This week’s insight homes in on the housing market and extreme mortgage rates (at least compared with recent history) facing both first-time home buyers and existing owners looking to move.
“Golden handcuffs” is a term used in the business world to describe a financial incentive designed to keep an executive with a company for an extended period. It’s a turn of phrase now uttered in the housing market – maybe you’re feeling it. Current homeowners are effectively discouraged from moving, since doing so would result – for millions of American families – in switching out a 3% mortgage for one north of 7%. In a sense, people are indeed “locked in” to their mortgage and their home.
One company is looking to change that. Roam, a real estate startup, hopes to use financial engineering to help would-be homebuyers acquire mortgages from existing homeowners through what’s known as “loan assumptions.” Assuming a loan is just what it sounds like – sellers transfer their mortgage to the buyer along with the property. The benefits for the buyer are obvious, but the seller can then raise their asking price, too. This arrangement is tricky in that it may require the buyer to come up with cash to cover the remaining purchase price after accounting for the mortgage balance.
Is this financial innovation going to happen? Scant chance. Even with rising borrowing rates, many lenders are reluctant to embrace the proposed change since it means additional work for less profit. Moreover, it’s estimated that just 1 in 5 active mortgages are eligible for an assumption (VA and FHA loans being those that might qualify).

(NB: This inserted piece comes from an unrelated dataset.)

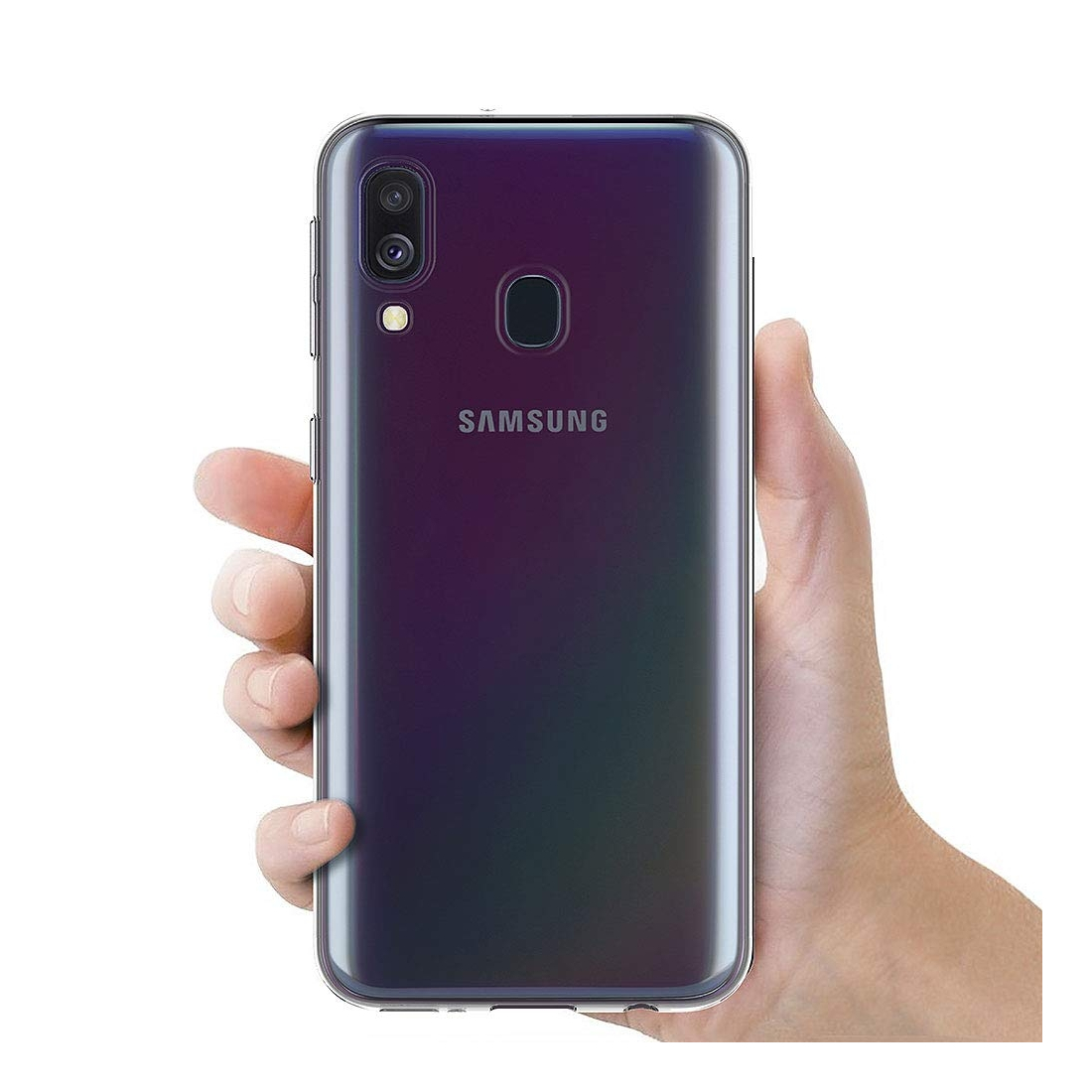 Moxie Coque Galaxy A40 [Skintrans] Coque en TPU Souple Transparente Ultra Fine pour Samsung Galaxy A40 (2019) - Transparent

Of course, if you own your home free and clear, this worries you little. With nationwide housing affordability now at the poorest level since 1985, a little out-of-the-box thinking is not such a bad thing. Bigger picture, as the Federal Reserve finishes its rate-hiking campaign, market interest rates are expected to hover at elevated levels for potentially years. That trend has incentivized homebuilding companies to open their spigots, and we are seeing some very modest improvement in new home construction, but stronger growth is seen in apartment buildings.
Overall, there are no definitive signs that the housing market will revert to levels seen pre-pandemic. That is good news for some homeowners, but folks looking to move and first-time buyers remain frustrated.